Großbaustelle in Berlin: Für 15 Euro in die Staatsoper

Baustellenführungen sollen die Sanierung Unter den Linden transparent machen – Touristen wie Berliner freuen sich. Aber es wird offensichtlich, wie viel an der Staatsoper noch zu tun ist.

Nur wenige beachten die kleine rote Ticketbox vor der Staatsoper-Baustelle an diesem gefühlt ersten Frühlingstag. Die hellen Mauern der Humboldt-Universität gegenüber strahlen, die Sonne blendet vom Himmel. Ein älteres Pärchen flaniert am Verkaufsschalter vorbei, davor ein Schild mit der Aufschrift „Baustellenführungen“ und in kleiner Schrift, fast verschämt, der Preis: 15 Euro. „Frechheit“, raunt die Dame ihrem Mann zu.
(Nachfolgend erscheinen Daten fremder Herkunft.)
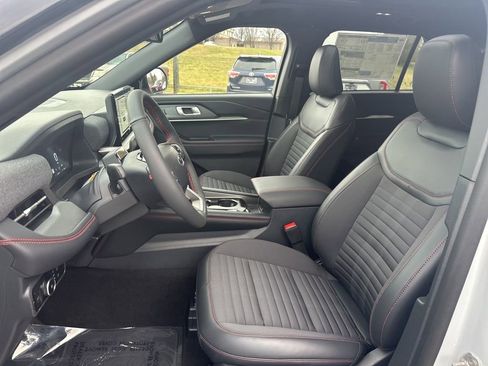 New 2026 Ford Explorer ST-Line w/ ST-Line Street Pack image 18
Die Führungen durch das Schillertheater, wo die Staatsoper für die Zeit der Sanierung untergekommen ist, kosten nur fünf Euro.
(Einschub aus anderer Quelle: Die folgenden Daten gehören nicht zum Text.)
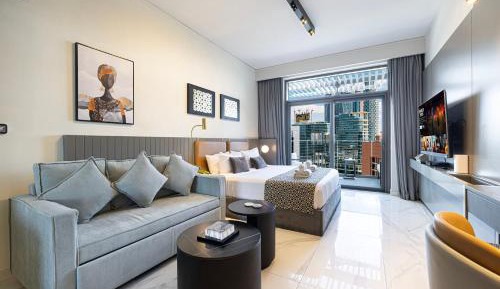 Studio Apartment with Balcony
Seit Mai letzten Jahres – also ein halbes Jahr nach der ursprünglich geplanten Wiedereröffnung – werden die Rundgänge über die Staatsoper-Baustelle angeboten. Und ungeachtet des Eintrittspreises sind einige Termine Wochen vorher ausverkauft. Ob die Leute einfach sehen wollen, in welcher Grube die Baukosten sind? Von ehemals 200 auf nunmehr 390 Millionen Euro wurde die Summe im Laufe der Zeit korrigiert, Bund und Land teilen sich die Kosten.

"Betreten auf eigene Gefahr"

Auswärtige und Berliner sind es dann auch, die an diesem Tag in der Besuchergruppe sind. „Ich mache gerade einen zweiwöchigen Kultururlaub in Berlin und habe schon einiges über die Baustelle gelesen“, sagt die 28-jährige Gabi Reinhardt aus Kassel, während sie sich im Besucherzentrum, einem öden Container auf dem Gelände, klobige Sicherheitsschuhe anzieht. Viel zu erkennen ist erst mal nicht: Planen verdecken die Fassade, am Wegesrand liegen Baumaterial, Kabelrollen und Geröll.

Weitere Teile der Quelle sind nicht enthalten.